Silicon has the highest theoretical capacity of any material for storing lithium, but there’s a serious drawback to its use. “It can sop up a lot of lithium, about 10 times more than carbon, which seems fantastic,” Wong said. “But after a couple of cycles of swelling and shrinking, it’s going to crack.”
However, the researchers say they discovered that putting micron-sized pores into the surface of a silicon wafer gives the material sufficient room to expand. While common Li-ion batteries hold about 300 milliamp hours-per-gram of carbon-based anode material, the researchers determined the treated silicon could theoretically store more than 10 times that amount.
The pores, a micron wide and 10-50 microns long, form when positive and negative charge is applied to the sides of a silicon wafer, which is then bathed in a hydrofluoric solvent. “The hydrogen and fluoride atoms separate.
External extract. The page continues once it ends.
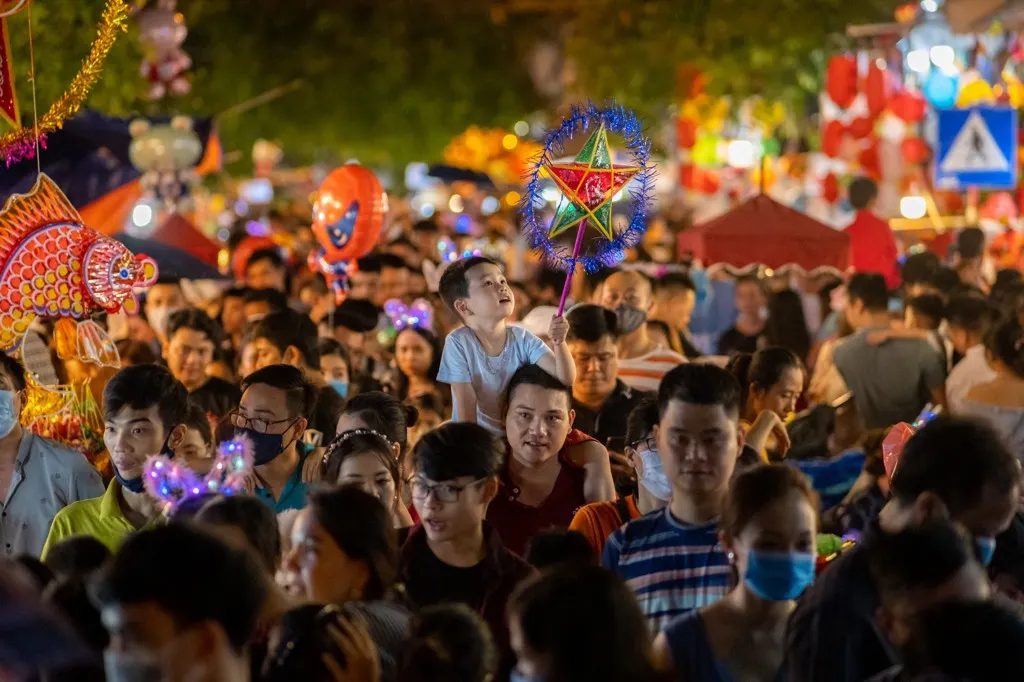 Where to See Mid-Autumn Lanterns in Ho Chi Minh City 4 Families gather on Saigon streets to celebrate a traditional Mid-Autumn Festival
The fluorine attacks one side of the silicon, forming the pores. They form vertically because of the positive and negative bias,” says Sibani Lisa Biswal, an assistant professor in chemical and biomolecular engineering.
Putting pores in silicon requires a real balancing act, as the more space is dedicated to the holes, the less material is available to store lithium. And if the silicon expands to the point where the pore walls touch, the material could degrade.
The researchers are confident that cheap, plentiful silicon combined with ease of manufacture could help push their idea into the mainstream.
“We are very excited about the potential of this work. This material has the potential to significantly increase the performance of lithium-ion batteries, which are used in a wide range of commercial, military and aerospace applications,” says Steven Sinsabaugh, a Lockheed Martin fellow.